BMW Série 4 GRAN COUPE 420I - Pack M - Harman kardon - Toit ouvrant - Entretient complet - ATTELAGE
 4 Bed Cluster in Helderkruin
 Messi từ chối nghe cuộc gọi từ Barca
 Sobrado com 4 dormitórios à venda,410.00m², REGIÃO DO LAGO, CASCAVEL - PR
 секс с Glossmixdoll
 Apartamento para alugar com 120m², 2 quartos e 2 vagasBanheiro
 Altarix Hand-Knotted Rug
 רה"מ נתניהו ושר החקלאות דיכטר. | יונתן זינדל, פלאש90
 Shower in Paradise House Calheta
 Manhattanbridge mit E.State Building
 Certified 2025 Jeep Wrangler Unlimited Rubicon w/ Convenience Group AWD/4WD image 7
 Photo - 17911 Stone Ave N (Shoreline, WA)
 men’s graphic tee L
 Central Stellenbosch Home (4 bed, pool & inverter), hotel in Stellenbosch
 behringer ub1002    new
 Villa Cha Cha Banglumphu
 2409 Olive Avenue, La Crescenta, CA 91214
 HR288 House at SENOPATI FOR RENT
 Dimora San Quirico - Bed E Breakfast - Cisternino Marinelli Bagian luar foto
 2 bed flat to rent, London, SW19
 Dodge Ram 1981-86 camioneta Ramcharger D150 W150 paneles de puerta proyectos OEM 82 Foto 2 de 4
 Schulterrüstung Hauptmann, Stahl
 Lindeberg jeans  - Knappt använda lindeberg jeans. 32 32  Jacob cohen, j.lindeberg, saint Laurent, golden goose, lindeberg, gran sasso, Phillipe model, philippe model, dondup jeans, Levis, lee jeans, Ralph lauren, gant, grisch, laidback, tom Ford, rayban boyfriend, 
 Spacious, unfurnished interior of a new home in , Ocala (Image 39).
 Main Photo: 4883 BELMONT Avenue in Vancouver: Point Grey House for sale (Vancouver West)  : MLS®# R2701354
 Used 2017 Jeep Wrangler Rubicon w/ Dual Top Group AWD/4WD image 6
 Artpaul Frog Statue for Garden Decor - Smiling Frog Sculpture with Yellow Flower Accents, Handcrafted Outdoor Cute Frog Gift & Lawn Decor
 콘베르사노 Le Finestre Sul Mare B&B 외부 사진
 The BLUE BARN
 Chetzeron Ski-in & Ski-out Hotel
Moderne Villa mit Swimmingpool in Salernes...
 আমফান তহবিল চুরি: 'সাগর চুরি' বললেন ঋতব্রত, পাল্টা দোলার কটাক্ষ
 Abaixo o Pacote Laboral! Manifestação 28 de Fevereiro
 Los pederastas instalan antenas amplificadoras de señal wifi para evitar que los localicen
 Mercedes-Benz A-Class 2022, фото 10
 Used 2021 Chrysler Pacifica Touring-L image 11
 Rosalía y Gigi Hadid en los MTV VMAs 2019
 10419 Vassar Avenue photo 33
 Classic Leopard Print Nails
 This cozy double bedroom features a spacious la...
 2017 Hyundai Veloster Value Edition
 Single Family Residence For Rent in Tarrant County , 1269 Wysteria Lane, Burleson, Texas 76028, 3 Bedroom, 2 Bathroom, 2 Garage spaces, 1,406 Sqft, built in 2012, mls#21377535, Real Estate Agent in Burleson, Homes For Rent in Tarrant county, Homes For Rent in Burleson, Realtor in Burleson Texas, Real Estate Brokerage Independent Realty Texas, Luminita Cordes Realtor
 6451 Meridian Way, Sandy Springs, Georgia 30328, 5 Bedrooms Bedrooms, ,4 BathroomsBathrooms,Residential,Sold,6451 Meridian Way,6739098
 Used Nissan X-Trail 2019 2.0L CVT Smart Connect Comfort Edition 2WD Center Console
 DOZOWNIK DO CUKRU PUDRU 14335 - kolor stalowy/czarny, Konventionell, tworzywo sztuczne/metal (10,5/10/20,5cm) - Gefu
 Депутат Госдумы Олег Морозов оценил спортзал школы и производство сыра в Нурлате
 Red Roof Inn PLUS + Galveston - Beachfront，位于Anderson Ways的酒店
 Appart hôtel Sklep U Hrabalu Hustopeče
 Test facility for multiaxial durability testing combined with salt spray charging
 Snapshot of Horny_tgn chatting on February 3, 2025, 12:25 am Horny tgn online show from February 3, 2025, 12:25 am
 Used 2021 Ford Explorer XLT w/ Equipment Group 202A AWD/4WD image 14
• • • • • • •
● Exercise prompt
Show the lines where the word "Edition" appears in the entries.

● Response area
 2017 Hyundai Veloster Value Edition
 Used Nissan X-Trail 2019 2.0L CVT Smart Connect Comfort Edition 2WD Center Console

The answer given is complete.